The decisions in Zagora Management Ltd v. Zurich Insurance Plc and Aspen Underwriting Ltd v. Credit Europe Bank NV both concerned third parties to the relevant policies. In Zagora Management, the judge held that a party was not entitled to claim under a buildings policy simply because it had a freehold interest in the insured development. The High Court held that a contract of insurance is only a contract between the insurer and the named insureds, and that for a policy to extend to unnamed persons an express provision would be required making the intended extension clear.

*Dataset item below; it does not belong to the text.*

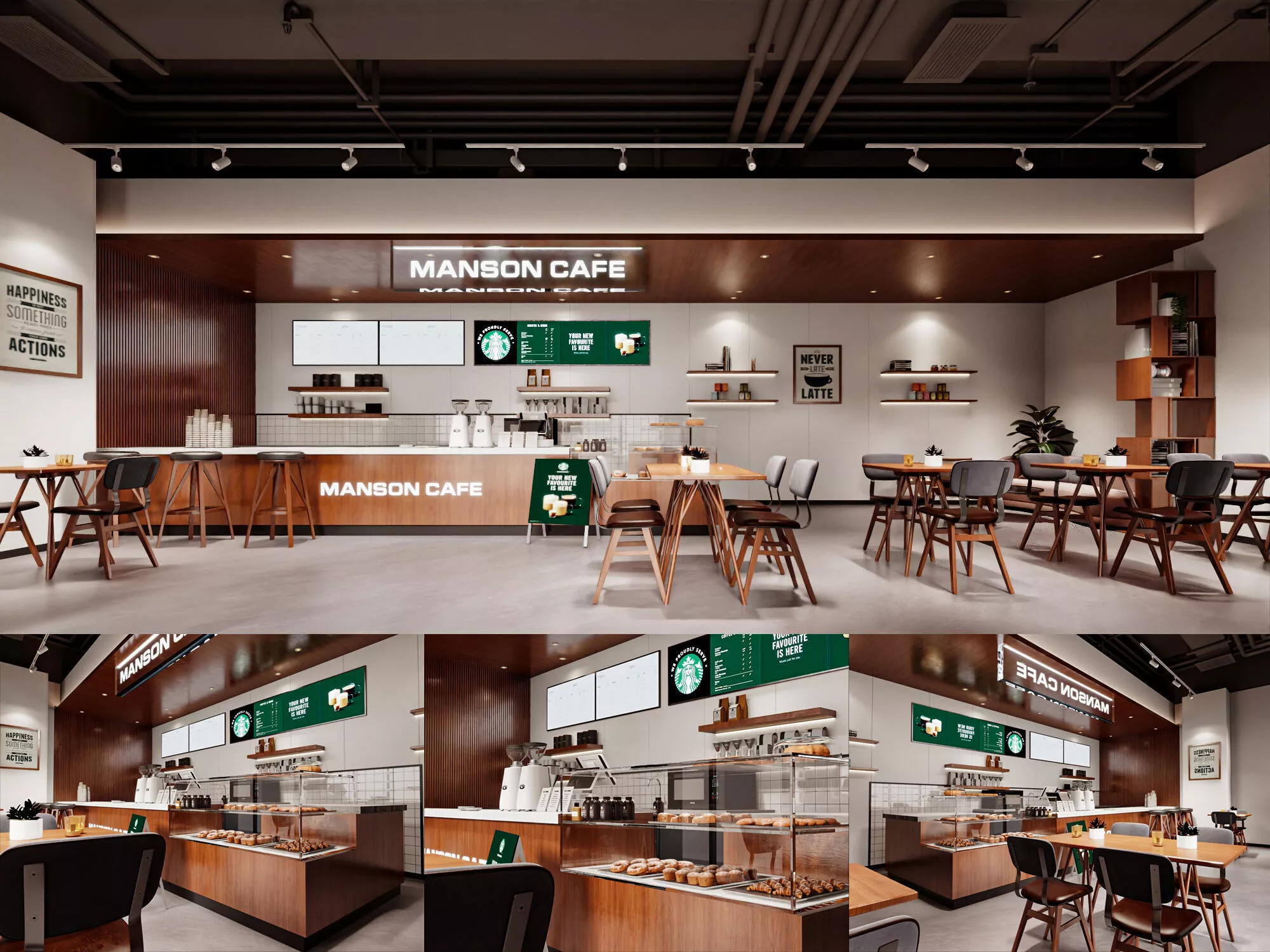 Modern Cafe Interior with Seating and Counter Low-poly 3D model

In Aspen Underwriting a marine insurer sued a Dutch-domiciled assignee of, and loss payee under, the issued marine insurance policy for misrepresentation in relation to a settlement of a claim under the policy between the insurer and the insured assignor. The Court of Appeal held that the insurer could not rely on the English court jurisdiction clauses in either the policy or the settlement agreement to found jurisdiction in England, as the Dutch assignee was not a party to nor seeking to assert third-party rights under either contract. However, the Court of Appeal held that the English courts nevertheless had jurisdiction. While the Court held that the dispute was a ‘matter relating to insurance’ within the meaning of Chapter II of Section 3 of the Recast Brussels Regulation, which would otherwise require the insurer to sue the assignee in the Netherlands, it also held that, as professional ship financier, the assignee was not within a class of persons that merited the protection of those special rules such as to preclude the English Court taking jurisdiction. Instead, the Court of Appeal also characterised the misrepresentation claim as a matter relating to tort, delict or quasi-delict under Article 7(2) of the Recast Brussels Regulation and, as the settlement agreement was signed in England, held that the English courts had jurisdiction under that Article.
v Quantum of loss
In Sartex Quilts and Textiles Ltd v. Endurance Corporate Capital Ltd, the High Court clarified the principles applicable to the relevance of the insured’s intentions as to the insured property in considering the appropriate measure of indemnity under a property loss or damage policy. The High Court held that the court should look to all the circumstances, including the insured’s intentions not only at the date of loss but up to the date of trial. An insured cannot recover more than the actual loss arising from the insured peril, and thus the court is concerned to identify what available measure (reinstatement or market value) fairly and fully indemnifies the insured for his or her loss. The primary focus will be on its intentions for the property at the time of the loss. However, subsequent events, even those unforeseeable at the time of the loss, may show that the measure identified would overcompensate the insured, making an alternative measure more appropriate.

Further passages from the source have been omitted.